Bitcoin surged to near $115,000 on Thursday after the release of fresh United States inflation data, as traders debated whether the flagship cryptocurrency would retest support or accelerate into price discovery. While the Consumer Price Index (CPI) came in broadly in line with expectations, market reactions highlighted both optimism for higher levels and caution about potential short-term dips.

CPI Print Matches Forecasts, Boosting Rate-Cut Bets

Data from the US Labour Department showed that CPI rose 2.9% year-on-year in August, matching market forecasts and up from July’s 2.7%. The Producer Price Index (PPI), released a day earlier, surprised markets by cooling sharply to 2.6% compared with expectations of 3.3%.

The softer inflation profile reinforced speculation that the US Federal Reserve could begin easing monetary policy as soon as next week. Markets are now pricing in a strong probability of a 25-basis-point rate cut at the Fed’s 17 September meeting, with some analysts even pointing to an outside chance of a 50-basis-point reduction. According to trading resource The Kobeissi Letter, markets have already priced in 75 basis points of cuts by year-end.

Fed Interest Rate Cut Probabilities. Source: CME FedWatchTool
Fed Interest Rate Cut Probabilities. Source: CME FedWatchTool

Despite CPI being at its highest level since January, the bigger surprise came from US labour market data. Jobless claims jumped to 263,000, the largest reading since October 2021 and well above the expected 235,000. The combination of weak labour figures and a cooling PPI strengthened the case for monetary easing, bolstering risk assets such as equities and cryptocurrencies.

Bitcoin Pushes Past $114,500

Bitcoin reacted swiftly to the CPI release. Data from TradingView showed BTC/USD spiking to $114,571, its highest level since 24 August. Although the pair briefly slipped back to $113,823, traders saw the reclaim of $113,500 as a key short-term development.

BTC/USD one-hour chart. Source: TradingView
BTC/USD one-hour chart. Source: TradingView

Popular trader Jelle commented on X (formerly Twitter):
“PPI much lower than expected, CPI as expected. Conclusion: inflation not as bad as feared, bring on the rate cut later this month. News now behind us, time to resume the scheduled programme: higher.”

Similarly, analyst BitBull highlighted that flipping $113,500 from resistance to support opened the door for Bitcoin to rematch its all-time highs.

However, traders also flagged warning signs. Liquidity data showed around 2,000 BTC worth of sell orders near $114,000, suggesting a risk of liquidations before further upside.

Diverging Trader Views: Higher or One More Dip?

While some commentators see Bitcoin gearing up for a move into the $120,000 liquidity zone, others expect a short-term correction. Trader Skew noted that the market might attempt to trap and liquidate longs that entered during the CPI spike, predicting “one more liquidation before higher.”
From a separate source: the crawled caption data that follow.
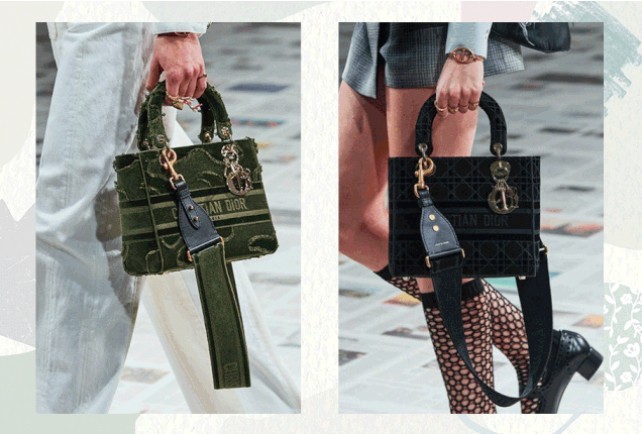 Top 8 of the most worthwhile replica bags (2022 Latest)-Best Quality designer Bag Review, and online shopping, designer bag ru Top 8 of the most worthwhile replica bags (2022 Latest)-Best Quality designer Bag Review, and online shopping, designer bag ru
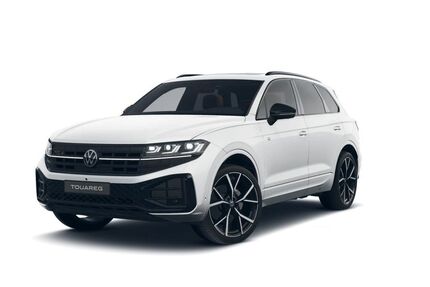 VW Touareg 25.169 km 65.380 &euro; Erfurt 99099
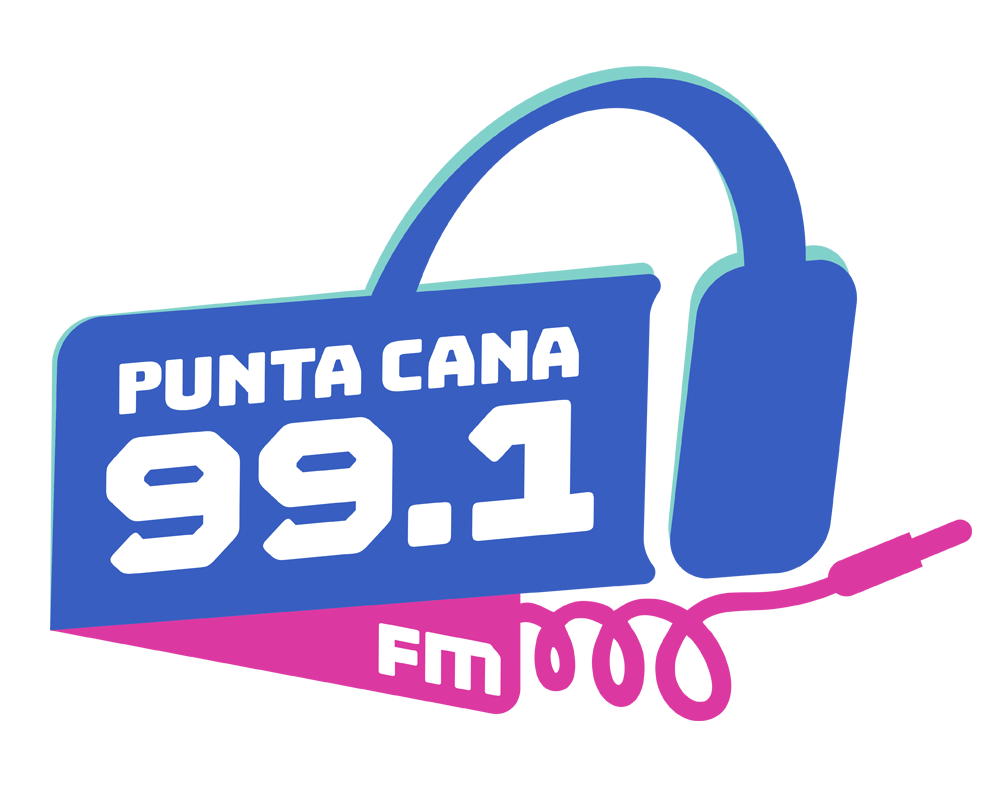 Punta Cana 99.1 FM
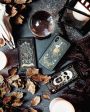 Fate Tarot Phone Case - Mirror Gold Details Online Sale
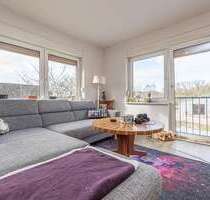 Wohnung zum Kaufen in Ehndorf 99.900,00 € 52 m²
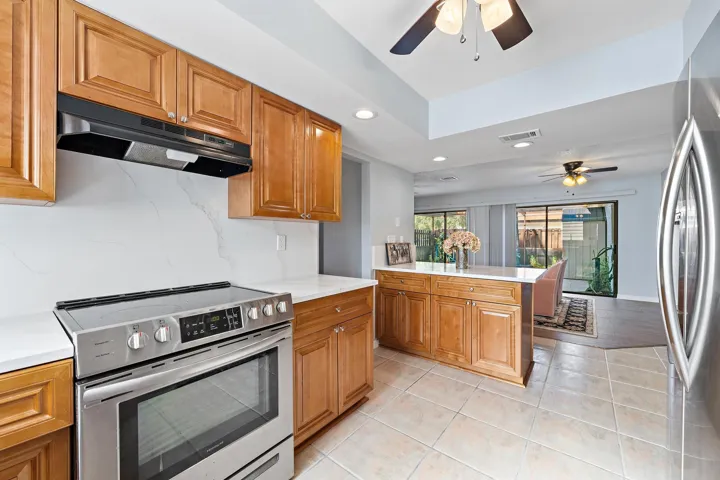148 Weybridge Cir apt c-14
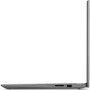 Lenovo IdeaPad 3 Core i3-1115G4 4GB 128GB SSD UHD Graphics 15.6 Inch Windows 11 Home Laptop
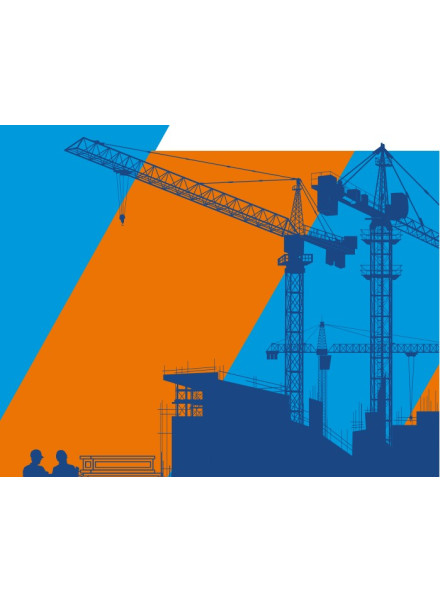 290 инновационных проектов подали заявки на участие в технологическом скаутинге в рамках III Международного строительного чемпионата - фото - 1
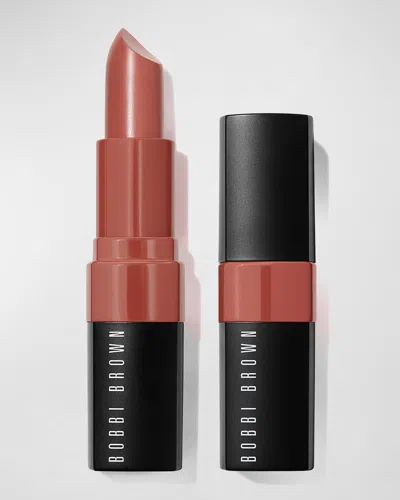 Bobbi Brown Crushed Lip Color Lipstick In 34italian Rose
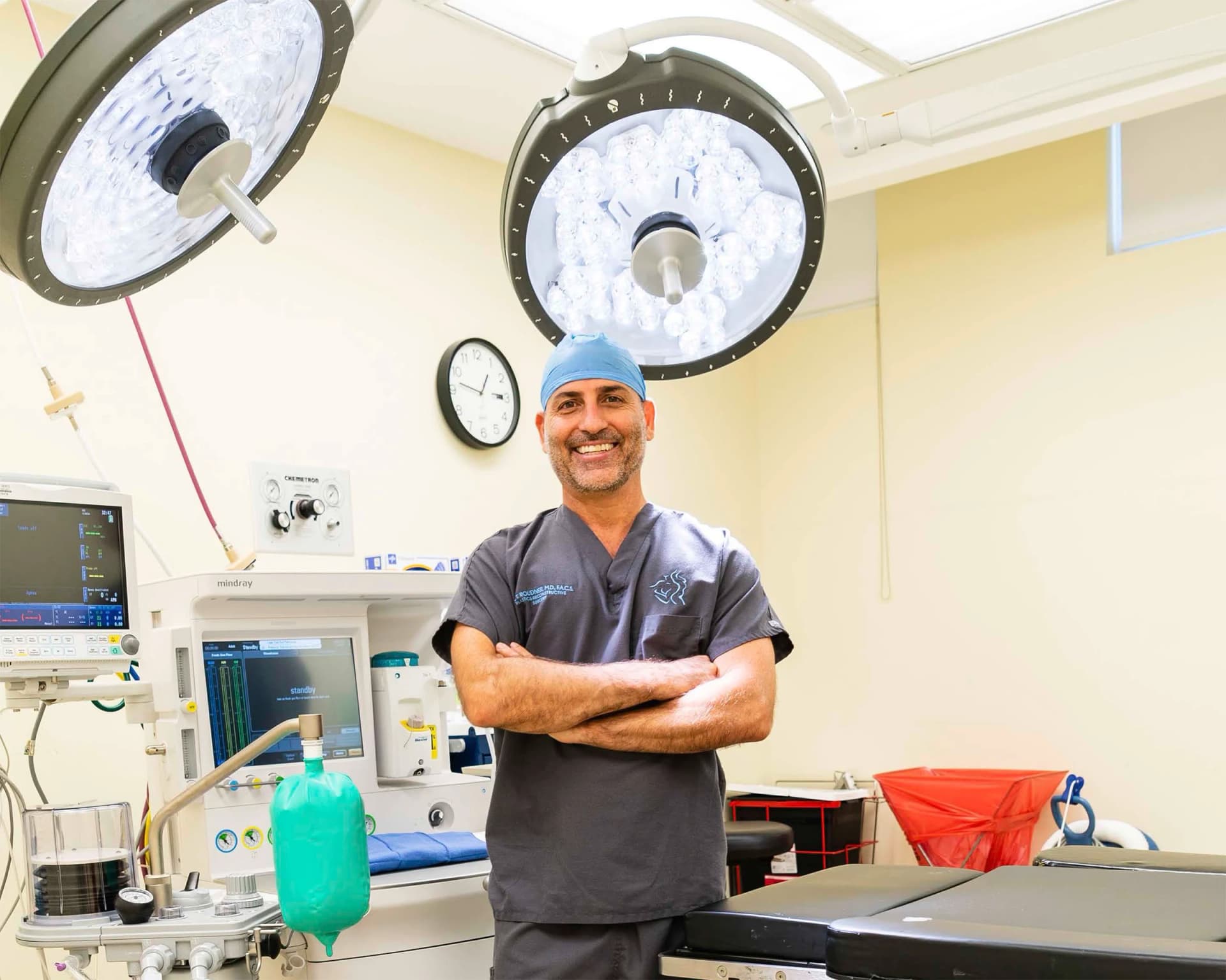 Breast Augmentation Miami: Surgeon, Cost, and Style Guide for Women Who Are Tired of Vague Answers and Hidden Pricing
BTC/USDT order-book liquidity data. Source: Skew/X
BTC/USDT order-book liquidity data. Source: Skew/X

Investor Ted Pillows drew parallels with past CPI releases, pointing out that Bitcoin has often rallied before inflation data only to dump shortly after. “In the last three CPI data releases, Bitcoin rallied before CPI data and dumped right after the release,” he warned, hinting at a potential repeat of the pattern.

This split in opinion underscores the uncertainty facing traders in the days leading up to the Fed meeting. While the macro backdrop appears supportive of risk assets, the heavy resistance around $114,000–$115,000 may not be overcome without another test of support levels.

Key Levels to Watch

Analysts at Bitunix highlighted $114,000 as the main resistance zone, with the potential for a short squeeze if BTC can sustain a break above it. Such a move could accelerate momentum towards $115,000 and beyond.

On the downside, $111,000 remains the first major support, with a deeper liquidity pocket between $108,500 and $109,000. A stronger-than-expected dollar rally or delayed rate-cut expectations could trigger a retest of these levels.

With the inflation data now in the books, the focus turns squarely to the Federal Reserve’s decision on 17 September. The outcome will likely set the tone not just for Bitcoin but for broader risk sentiment heading into the final quarter of 2025.

A Market at a Crossroads

Bitcoin’s sharp reaction to the CPI data illustrates the cryptocurrency’s heightened sensitivity to macroeconomic indicators, particularly those influencing Federal Reserve policy. The dovish tilt in both inflation and labour market data strengthens the case for rate cuts, which typically support risk assets.

Yet, caution lingers. The heavy liquidity around $114,000 and historical patterns of post-CPI volatility leave room for a shake-out before further gains. Whether Bitcoin consolidates above support or retraces for another liquidity grab will likely depend on Fed Chair Jerome Powell’s messaging next week.

For now, the market is finely balanced between bullish momentum and tactical caution, a dynamic that could define Bitcoin’s path towards, or away from, the $120,000 mark in the days ahead.